Demanda por soluções baseadas em dados e inteligência territorial

Com o agravamento do cenário climático, cresce a urgência por soluções mais personalizadas e tecnológicas. Ferramentas de inteligência territorial, mapeamento de risco e análises históricas podem tornar os seguros mais aderentes à realidade de cada propriedade. A integração entre dados climáticos, geográficos e produtivos é vista como um caminho promissor para o desenvolvimento de apólices mais eficientes e justas.

Iniciativas privadas, cooperativas, consórcios e algumas esferas de governo já começaram a se movimentar nesse sentido. No entanto, entraves regulatórios, falta de informação técnica e baixa penetração entre pequenos e médios produtores ainda limitam o alcance das soluções. Além disso, muitos agricultores desconhecem os mecanismos de contratação e os benefícios do Programa de Subvenção ao Prêmio do Seguro Rural (PSR), principal política pública de incentivo ao seguro agrícola no país.

Plano Safra 2025/26 reacende debate sobre ampliação do seguro

A expectativa em torno do Plano Safra 2025/26, com lançamento previsto para os próximos meses, reacende o debate sobre a necessidade de ampliar os recursos do PSR. Embora a edição mais recente tenha registrado crescimento na verba, ainda foi insuficiente para atender à totalidade da demanda. Muitos produtores interessados ficaram de fora devido à limitação orçamentária, o que gera frustração e desconfiança no setor.

Especialistas e entidades do agronegócio defendem que o novo plano venha acompanhado de previsibilidade orçamentária, aumento da cobertura e simplificação dos processos de adesão, especialmente para pequenos e médios produtores, os mais vulneráveis economicamente.

Risco sistêmico à economia brasileira

O cenário atual vai além da gestão individual. O subseguro rural representa uma ameaça sistêmica ao agronegócio e à economia nacional. O setor responde por cerca de 27% do Produto Interno Bruto (PIB) do Brasil e por aproximadamente 10% das exportações globais de alimentos. Em tempos de crise climática, a ausência de cobertura ampla pode comprometer desde a segurança alimentar até a estabilidade dos preços e a competitividade internacional do país.

Em regiões com maior cobertura de seguro, como no sul do país, os produtores relatam maior tranquilidade para enfrentar eventos extremos. Já em áreas desprotegidas, a recuperação após perdas costuma ser lenta, custosa e altamente impactante, comprometendo a rentabilidade, a capacidade de investimento e até mesmo o abastecimento local.

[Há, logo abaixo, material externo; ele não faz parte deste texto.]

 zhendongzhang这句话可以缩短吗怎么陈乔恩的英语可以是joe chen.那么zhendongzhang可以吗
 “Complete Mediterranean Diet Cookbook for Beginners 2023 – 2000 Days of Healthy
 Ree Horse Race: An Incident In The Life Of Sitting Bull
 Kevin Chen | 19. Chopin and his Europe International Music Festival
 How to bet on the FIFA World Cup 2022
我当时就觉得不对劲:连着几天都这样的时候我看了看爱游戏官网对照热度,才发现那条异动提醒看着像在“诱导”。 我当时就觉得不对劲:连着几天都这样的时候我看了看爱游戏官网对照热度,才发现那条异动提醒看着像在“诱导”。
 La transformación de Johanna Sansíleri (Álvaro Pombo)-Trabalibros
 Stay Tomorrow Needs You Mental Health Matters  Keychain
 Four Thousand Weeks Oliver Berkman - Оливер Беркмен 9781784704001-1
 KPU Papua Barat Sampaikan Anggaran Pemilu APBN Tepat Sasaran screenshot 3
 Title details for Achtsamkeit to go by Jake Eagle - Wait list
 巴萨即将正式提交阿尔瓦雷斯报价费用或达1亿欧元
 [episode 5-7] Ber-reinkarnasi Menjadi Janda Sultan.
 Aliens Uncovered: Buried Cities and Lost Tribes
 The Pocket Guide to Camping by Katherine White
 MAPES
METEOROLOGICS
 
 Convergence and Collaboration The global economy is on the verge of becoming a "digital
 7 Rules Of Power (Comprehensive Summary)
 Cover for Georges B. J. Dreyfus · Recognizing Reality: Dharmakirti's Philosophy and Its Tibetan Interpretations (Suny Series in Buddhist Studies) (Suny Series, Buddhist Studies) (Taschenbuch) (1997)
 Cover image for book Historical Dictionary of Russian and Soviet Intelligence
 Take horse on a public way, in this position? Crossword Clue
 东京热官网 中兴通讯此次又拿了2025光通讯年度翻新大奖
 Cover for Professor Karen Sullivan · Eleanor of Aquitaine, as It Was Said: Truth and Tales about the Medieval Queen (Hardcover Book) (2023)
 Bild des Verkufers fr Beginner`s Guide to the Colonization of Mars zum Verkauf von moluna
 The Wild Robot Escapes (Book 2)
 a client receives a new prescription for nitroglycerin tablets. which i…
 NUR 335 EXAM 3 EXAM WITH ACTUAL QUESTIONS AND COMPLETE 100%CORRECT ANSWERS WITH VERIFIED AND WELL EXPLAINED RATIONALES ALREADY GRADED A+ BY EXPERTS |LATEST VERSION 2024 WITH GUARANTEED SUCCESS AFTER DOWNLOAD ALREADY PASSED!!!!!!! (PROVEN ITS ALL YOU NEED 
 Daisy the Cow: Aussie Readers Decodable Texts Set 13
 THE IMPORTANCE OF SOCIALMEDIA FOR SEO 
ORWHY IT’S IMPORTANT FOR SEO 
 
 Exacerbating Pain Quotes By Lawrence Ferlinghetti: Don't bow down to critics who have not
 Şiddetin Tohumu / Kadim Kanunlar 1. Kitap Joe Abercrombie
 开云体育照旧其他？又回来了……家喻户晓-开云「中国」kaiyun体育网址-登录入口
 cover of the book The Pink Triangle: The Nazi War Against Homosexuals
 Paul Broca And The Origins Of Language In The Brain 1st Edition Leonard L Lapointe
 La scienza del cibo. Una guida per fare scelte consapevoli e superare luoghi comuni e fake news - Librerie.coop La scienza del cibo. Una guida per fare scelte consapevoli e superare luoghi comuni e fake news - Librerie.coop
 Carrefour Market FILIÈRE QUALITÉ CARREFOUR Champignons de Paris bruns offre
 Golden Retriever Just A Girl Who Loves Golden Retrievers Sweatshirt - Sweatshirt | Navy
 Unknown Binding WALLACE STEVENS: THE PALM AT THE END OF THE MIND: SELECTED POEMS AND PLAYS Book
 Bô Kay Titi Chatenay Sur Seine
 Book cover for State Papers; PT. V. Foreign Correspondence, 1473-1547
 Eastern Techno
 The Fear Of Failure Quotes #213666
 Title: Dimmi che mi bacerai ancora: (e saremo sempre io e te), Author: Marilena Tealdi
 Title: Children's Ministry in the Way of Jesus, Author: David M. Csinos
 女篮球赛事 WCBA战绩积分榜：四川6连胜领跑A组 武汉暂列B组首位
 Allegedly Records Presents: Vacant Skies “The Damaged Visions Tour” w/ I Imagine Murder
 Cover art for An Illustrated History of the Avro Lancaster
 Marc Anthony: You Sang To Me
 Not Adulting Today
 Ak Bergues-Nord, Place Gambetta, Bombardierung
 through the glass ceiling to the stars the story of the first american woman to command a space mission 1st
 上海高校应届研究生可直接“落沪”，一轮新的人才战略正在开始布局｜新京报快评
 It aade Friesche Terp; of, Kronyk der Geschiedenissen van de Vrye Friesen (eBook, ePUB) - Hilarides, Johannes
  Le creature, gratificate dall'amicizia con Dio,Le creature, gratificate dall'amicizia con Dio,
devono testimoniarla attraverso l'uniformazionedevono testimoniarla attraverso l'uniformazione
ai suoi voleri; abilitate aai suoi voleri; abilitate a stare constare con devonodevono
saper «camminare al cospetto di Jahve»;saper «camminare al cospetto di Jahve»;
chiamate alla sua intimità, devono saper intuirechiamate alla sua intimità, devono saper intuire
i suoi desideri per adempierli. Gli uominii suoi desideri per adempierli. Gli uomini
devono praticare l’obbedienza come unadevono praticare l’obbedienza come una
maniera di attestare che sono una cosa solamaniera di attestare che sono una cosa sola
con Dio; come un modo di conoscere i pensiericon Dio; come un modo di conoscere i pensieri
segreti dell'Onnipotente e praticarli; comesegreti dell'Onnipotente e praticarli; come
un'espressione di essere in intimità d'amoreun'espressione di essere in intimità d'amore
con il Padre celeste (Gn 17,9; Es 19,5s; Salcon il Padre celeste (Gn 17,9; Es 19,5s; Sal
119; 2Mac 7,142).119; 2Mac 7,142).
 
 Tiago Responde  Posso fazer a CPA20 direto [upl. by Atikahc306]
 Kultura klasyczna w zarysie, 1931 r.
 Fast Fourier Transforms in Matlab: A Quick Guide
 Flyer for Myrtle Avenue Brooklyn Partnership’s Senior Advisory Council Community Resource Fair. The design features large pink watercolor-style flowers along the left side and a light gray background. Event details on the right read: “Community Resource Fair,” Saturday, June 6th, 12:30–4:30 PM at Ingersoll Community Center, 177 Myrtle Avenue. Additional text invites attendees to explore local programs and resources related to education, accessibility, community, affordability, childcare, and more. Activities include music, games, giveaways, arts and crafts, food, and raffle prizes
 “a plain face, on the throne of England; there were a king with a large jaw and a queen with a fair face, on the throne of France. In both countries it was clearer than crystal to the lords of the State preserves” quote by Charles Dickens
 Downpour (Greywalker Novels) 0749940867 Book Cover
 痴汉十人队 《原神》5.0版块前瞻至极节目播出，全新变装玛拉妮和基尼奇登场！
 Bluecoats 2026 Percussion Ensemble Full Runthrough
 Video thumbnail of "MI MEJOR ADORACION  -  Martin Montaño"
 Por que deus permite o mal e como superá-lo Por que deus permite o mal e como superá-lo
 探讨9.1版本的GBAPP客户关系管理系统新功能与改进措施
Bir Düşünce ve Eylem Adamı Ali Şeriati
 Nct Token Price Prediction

O clima mudou. E a resposta precisa acompanhar

O desafio que se impõe não é apenas aumentar o número de áreas cobertas por seguro, mas melhorar a qualidade e a precisão dessa cobertura. O uso de dados, inteligência geográfica e tecnologia precisa ser aliado a políticas públicas consistentes, incentivos eficazes e ampla divulgação dos mecanismos disponíveis.

Com o avanço das mudanças climáticas, não há mais espaço para improviso. O seguro rural precisa deixar de ser visto como um custo e passar a ser compreendido como estratégia essencial para a sustentabilidade da produção agrícola no Brasil.